FIG. 7 is a flow diagram illustrating the process of thread creation and statistical information gathering for the newly created thread in accordance with some implementations. Each of the operations shown in FIG. 7 may correspond to instructions stored in a computer memory or computer readable storage medium. Optional operations are indicated by dashed lines (e.g., boxes with dashed-line borders). In some implementations, the method described in FIG. 7 is performed by the server system (FIG. 3, 300).

In some implementations, the server system (FIG. 3, 300) creates a thread associated with an entity (702). For example, if an organization had data stored at the server system, and initiated a data request, the system would then create a thread to process the request and send the data to the requestor. This thread would be associated to the entity (in this case an organization) to whom the data belonged. In some implementations, as part of created a thread, the server system (FIG. 3, 300) copies a pointer to a counter associated with the entity into the thread (704). In some implementations, the pointer is stored in thread local storage.

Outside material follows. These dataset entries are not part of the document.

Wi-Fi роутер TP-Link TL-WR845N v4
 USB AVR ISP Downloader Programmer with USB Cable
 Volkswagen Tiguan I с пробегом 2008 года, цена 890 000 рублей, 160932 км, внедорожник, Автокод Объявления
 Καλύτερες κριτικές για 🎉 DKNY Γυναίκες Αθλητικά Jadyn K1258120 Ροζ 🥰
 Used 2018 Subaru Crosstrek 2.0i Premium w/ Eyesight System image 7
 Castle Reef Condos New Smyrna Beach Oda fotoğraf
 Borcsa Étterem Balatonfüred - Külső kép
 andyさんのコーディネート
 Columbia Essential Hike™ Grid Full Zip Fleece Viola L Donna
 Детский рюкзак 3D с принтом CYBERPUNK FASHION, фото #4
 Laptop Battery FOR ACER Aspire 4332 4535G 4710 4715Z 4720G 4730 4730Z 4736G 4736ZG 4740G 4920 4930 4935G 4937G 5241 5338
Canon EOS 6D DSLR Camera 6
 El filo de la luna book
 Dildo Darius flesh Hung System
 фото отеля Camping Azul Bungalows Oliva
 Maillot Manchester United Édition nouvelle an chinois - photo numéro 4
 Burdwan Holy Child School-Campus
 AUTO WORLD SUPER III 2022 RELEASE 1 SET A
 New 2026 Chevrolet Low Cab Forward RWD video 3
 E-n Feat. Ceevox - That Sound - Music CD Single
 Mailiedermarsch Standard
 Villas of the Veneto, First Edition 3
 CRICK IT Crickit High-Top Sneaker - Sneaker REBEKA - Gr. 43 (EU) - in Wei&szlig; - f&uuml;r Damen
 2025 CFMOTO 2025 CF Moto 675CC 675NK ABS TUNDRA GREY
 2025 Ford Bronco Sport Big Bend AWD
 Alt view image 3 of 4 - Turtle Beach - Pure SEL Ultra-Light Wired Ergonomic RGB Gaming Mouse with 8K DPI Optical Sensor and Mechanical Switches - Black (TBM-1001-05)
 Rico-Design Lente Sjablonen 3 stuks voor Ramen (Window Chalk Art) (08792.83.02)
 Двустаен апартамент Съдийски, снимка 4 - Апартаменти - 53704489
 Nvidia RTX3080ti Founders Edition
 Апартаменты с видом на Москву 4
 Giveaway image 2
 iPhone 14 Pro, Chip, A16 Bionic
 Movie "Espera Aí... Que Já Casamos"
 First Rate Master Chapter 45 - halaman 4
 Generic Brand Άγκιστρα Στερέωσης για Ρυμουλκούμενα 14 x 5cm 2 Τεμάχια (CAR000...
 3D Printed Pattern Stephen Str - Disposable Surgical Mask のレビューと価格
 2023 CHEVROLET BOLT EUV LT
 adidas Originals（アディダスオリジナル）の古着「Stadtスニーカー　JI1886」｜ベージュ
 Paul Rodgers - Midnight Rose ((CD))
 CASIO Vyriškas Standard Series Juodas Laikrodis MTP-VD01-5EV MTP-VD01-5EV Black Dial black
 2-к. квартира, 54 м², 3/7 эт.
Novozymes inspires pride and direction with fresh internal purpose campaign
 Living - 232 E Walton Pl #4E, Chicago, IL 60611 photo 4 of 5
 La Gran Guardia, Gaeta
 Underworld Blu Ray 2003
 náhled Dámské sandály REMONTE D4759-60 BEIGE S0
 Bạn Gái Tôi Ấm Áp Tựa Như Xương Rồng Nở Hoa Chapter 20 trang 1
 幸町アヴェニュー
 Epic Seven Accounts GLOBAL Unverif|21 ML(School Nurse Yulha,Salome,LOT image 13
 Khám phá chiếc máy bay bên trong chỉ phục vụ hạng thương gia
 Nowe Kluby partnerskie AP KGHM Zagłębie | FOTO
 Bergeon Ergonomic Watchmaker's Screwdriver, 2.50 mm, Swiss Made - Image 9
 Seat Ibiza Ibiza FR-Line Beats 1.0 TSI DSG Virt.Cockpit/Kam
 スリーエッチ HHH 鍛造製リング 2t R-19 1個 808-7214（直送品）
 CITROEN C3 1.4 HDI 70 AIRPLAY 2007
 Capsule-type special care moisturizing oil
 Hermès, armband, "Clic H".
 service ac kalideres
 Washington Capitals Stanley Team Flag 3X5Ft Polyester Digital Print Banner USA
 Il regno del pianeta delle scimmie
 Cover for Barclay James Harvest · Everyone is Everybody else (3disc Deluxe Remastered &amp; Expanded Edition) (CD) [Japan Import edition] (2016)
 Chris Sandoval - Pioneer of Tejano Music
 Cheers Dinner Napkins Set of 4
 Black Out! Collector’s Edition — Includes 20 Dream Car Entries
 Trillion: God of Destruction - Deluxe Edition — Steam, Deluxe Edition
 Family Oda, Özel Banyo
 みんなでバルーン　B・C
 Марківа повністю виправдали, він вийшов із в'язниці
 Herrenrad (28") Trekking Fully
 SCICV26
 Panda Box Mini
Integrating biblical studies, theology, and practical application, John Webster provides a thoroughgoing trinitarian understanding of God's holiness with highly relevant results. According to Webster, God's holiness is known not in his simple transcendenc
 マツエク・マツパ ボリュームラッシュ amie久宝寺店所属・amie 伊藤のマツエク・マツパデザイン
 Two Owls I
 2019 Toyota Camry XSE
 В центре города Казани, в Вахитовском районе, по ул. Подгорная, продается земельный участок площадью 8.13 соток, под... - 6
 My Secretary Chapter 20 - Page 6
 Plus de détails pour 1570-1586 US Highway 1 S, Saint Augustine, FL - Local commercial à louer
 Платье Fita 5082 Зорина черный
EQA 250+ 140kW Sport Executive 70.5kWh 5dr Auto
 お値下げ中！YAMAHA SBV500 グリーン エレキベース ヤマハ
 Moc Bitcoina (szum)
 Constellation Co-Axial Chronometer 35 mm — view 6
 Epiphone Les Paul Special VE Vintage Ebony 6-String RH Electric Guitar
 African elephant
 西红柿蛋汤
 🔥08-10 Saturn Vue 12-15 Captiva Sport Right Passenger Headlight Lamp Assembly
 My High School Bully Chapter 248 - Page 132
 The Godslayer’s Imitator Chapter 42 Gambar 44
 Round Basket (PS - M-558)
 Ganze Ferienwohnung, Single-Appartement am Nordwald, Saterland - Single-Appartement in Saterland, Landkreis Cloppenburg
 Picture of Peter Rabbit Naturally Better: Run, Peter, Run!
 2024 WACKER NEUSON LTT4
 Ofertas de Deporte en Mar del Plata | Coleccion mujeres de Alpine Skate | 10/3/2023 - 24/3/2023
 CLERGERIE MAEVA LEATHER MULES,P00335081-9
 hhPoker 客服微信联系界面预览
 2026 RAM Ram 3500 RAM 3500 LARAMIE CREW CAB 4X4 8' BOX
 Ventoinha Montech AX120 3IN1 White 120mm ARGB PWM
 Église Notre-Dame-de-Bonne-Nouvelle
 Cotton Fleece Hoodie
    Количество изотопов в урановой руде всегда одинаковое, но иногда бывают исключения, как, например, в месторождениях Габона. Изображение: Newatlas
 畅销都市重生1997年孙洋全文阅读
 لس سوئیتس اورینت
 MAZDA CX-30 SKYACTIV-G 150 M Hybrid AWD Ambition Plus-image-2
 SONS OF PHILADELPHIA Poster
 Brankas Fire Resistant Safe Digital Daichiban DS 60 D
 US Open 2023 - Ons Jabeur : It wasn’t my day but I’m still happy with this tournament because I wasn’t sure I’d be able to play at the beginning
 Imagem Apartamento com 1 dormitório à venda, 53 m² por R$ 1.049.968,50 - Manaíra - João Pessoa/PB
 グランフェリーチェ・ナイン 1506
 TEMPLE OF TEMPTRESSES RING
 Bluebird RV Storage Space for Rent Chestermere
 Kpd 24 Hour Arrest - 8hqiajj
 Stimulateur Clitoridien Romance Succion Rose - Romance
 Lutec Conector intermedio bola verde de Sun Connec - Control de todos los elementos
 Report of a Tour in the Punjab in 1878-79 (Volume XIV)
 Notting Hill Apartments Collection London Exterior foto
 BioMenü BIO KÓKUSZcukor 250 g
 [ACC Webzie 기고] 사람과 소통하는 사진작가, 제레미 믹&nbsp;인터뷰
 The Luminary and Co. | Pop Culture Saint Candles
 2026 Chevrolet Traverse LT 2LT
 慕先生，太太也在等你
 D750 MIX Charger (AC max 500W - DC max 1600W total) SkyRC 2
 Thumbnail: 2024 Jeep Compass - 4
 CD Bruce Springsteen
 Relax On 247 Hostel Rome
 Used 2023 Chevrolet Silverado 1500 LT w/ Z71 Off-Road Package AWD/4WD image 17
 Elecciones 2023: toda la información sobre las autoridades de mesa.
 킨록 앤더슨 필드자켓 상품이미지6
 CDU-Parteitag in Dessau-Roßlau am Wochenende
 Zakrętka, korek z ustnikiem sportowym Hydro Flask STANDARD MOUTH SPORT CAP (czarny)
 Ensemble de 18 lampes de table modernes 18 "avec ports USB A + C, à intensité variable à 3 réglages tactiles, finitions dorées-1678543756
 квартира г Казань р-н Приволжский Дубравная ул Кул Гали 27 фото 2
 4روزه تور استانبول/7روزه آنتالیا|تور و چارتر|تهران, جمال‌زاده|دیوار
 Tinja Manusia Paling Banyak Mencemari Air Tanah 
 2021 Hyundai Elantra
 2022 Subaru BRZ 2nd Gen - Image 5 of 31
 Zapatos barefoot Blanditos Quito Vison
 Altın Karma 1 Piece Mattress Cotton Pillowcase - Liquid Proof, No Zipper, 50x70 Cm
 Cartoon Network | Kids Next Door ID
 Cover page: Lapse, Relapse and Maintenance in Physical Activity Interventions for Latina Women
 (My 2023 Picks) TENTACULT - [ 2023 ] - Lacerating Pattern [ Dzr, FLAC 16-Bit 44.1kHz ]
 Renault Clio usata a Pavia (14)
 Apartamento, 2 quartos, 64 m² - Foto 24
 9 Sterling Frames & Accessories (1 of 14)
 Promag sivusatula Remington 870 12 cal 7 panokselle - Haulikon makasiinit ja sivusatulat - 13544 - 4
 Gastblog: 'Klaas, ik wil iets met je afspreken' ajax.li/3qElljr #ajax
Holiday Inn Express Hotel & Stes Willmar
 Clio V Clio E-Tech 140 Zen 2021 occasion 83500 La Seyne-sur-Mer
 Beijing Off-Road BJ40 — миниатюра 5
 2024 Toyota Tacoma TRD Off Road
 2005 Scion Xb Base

In some implementations, the server system (FIG. 3, 300) receives an interrupt signal form the operating system being executed on the server system (FIG. 3, 300) at regular intervals (706). The server system (FIG. 3, 300) then determines, for a particular thread, whether the thread is currently being executed by one of the one or more processors (708). In accordance with a determination that the thread is currently being executed, the server system (FIG. 3, 300) interrupts the thread being executed (710). The server system (FIG. 3, 300) then increments a counter associated with the thread (712). In some implementations the server system (FIG. 3, 300) increments the counter by identifying the pointer to the counter, dereferencing the pointer to access counter, and added one to the total stored in the counter.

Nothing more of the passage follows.